Tab completion works for flags everywhere and each of them should be included in Get-Help regardless of if the author documents them.


Not everybody feels native to the terminal, so this could ease the use for non-tech-savvy users


If you made a nice script and people pester you for a GUI now, this looks like a nice low-effort way to satisfy them.


Really!? Try teaching your parents to use a command line.


My parents taught me how to use the command line.


Try teaching 10 randomly sampled parents how to use a command line?


10 randomly sampled adults, nevermind parents. My partner is an educated person who works on a computer all day and I think she would have a panic attack if I asked her to do something on a command prompt


I've been using CLIs for many years and I'd still rather use a (well-designed) GUI most of the time.


You're very young and the exception pal.


What are the tools my "non command line fluent parents" could/would want to use that don't already have a human crafted GUI ? This lib, as smart as I think it is, doesn't create "simplicity" from a void.

Never in the last two decades did I encountered a "parents" usage where any CLI tool were needed to do some work. Yes it did happen that I had to use them to repair things. But having auto-generated GUIs on these tools wouldn't change anything about the lack of understanding of what it is, why it's needed and what it does.

If we are talking about generating GUIs for complex production tools like ffmpeg, tar, git ... there already are plenty of wonderful and less wonderful frontends that a auto generated GUI could never beat.

But I'm not saying this tool is not nice. Just I think it's targeted at power users that don't want to open a terminal. It's not a lot, but it's something.


The way I would use it is for porting scripts used in a work environment to a GUI so my non-programmer coworkers can use them too.


> GUIs for complex production tools like ffmpeg, tar, git ... there already are plenty of wonderful and less wonderful frontends that a auto generated GUI could never beat.

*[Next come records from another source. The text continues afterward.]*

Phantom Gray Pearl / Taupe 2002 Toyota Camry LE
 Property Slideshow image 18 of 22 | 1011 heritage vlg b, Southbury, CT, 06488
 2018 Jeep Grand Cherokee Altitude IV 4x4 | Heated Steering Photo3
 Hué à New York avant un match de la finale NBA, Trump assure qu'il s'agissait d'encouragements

My 12 year old is doing a fair bit of video work, and I just pointed him at Handbrake to get his submission file size down. It's an amazing bit of software, apart from that malware issue back in 2017...


I've been in a situation where I needed to share a configurable Python script with a non-technical person. This would've made that much easier.


That's a really cool use case I haven't anticipated :)


How about a tool like catt (cast all the things)?

catt lets you Chromecast direct from your local machine, which could be of interest to non-techies, but catt only ships with a command-line interface. (Although I believe an unofficial GUI exists that doesn't use Gooey.)